Thursday, January 5, 2023

Getting arrested by the fashion police!

I have often heard jokes about the fashion police. I’ve even tried to make some, though my jokes usually don’t work well. But when I see some poor man who has no fashion sense at all who finds himself the unlucky object of a paparazzi's lens, I would know enough to call the fashion police. Please. This is probably not shot in Florida so not DeSantis's goons arresting a drag queen.

Is someone being arrested, the guy in sloppy blue shirt should be for his own well being and ours.


In Italy beginning in the early Renaissance until about the middle of the 17th century,  there really were fashion police. The Sumptuary Laws attempted to control what people wore. For example, priests did not always dress in black as they do today, but in the 15th century it became regulated, I think first in Florence.


But laws were enacted in Florence, Siena, Milan, Venice and I presume Rome, which restricted things like jewelry, furs, leather, gold, sleeves. It seems to be an attempt to reinforce a social hierarchy, nobility keeping the upwardly mobile merchant class in its place, the women of the upper classes attracting husbands of means, etc.


I’ve researched some of the history of the fashion police.
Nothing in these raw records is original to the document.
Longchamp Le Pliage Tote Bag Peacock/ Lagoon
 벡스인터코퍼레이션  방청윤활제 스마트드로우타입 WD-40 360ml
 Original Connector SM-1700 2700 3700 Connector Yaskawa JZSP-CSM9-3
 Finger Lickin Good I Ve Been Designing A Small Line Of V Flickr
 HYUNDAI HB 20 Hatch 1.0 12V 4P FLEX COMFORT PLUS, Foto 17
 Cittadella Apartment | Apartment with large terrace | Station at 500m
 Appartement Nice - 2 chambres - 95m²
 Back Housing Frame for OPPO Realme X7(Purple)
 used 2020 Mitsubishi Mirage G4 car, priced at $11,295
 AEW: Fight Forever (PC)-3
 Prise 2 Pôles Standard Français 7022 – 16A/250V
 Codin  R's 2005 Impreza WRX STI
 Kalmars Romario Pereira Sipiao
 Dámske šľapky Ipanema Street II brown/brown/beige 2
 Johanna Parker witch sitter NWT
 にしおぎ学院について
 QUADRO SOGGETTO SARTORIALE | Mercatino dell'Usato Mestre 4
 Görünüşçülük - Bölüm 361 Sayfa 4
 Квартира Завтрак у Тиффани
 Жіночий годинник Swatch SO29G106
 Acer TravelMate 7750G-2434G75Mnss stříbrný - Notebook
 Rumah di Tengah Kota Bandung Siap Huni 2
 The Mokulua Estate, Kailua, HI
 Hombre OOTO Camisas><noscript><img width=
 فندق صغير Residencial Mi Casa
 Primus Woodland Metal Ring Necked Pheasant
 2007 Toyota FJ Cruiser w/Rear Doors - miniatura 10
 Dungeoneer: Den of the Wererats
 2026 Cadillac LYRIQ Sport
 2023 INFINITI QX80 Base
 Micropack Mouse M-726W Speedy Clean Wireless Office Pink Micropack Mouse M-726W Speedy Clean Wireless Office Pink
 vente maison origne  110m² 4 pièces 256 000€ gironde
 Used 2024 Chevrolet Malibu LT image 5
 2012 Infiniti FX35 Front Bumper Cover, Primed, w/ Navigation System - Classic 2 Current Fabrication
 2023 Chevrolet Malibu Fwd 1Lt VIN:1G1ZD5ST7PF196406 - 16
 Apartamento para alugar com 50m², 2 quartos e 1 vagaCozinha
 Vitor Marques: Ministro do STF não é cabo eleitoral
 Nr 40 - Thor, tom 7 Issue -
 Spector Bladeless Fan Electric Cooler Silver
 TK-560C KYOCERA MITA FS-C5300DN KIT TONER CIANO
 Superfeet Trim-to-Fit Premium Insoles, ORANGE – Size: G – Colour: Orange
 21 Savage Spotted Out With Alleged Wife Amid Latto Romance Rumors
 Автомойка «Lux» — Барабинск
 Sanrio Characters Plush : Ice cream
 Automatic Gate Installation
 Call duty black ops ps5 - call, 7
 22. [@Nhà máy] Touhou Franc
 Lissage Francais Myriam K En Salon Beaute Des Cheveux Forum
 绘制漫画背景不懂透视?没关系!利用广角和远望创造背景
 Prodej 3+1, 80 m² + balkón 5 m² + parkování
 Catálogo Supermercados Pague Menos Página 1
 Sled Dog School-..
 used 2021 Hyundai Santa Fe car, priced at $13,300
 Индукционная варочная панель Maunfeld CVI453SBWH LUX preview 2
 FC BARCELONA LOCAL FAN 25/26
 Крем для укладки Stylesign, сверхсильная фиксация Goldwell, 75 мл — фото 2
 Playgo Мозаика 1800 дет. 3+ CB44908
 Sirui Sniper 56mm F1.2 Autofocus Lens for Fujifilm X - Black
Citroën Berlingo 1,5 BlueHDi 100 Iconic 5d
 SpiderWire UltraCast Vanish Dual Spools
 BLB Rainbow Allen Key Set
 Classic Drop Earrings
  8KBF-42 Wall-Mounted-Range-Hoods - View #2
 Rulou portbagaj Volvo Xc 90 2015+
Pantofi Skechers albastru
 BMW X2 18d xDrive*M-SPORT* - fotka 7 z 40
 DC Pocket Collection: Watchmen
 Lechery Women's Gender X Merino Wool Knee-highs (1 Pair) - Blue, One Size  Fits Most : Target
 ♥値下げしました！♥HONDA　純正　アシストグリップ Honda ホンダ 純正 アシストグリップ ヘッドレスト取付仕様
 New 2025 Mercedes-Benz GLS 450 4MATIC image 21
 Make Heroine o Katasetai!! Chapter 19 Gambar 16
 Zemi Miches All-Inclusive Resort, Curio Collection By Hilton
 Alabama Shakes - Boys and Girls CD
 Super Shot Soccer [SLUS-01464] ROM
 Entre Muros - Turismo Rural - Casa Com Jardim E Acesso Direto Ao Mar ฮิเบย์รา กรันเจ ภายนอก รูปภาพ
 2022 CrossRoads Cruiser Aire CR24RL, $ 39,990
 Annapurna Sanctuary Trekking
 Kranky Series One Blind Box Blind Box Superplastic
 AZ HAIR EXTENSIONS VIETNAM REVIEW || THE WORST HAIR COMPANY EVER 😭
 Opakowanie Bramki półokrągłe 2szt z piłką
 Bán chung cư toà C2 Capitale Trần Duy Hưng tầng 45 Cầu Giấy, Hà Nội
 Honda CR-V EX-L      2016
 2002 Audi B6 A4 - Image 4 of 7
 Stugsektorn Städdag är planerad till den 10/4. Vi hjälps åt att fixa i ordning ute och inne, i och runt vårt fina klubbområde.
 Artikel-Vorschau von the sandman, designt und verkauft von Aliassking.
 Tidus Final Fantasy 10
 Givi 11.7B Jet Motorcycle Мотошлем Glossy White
This is apparently an Neapolitan woman being arrested for wearing too much refinery in public.


This is also a picture of a very well dressed man making some kind of advances on a woman.



But then Google took me in another direction with regard to the Italian fashion police. I got sidetracked into a survey of the current state of Italian police fashion, and it is quite a statement in itself!




I think that it is probably not good to run afoul of the law in any country. But if you want to be arrested by well dressed police, Italy's the place. They do take fashion seriously.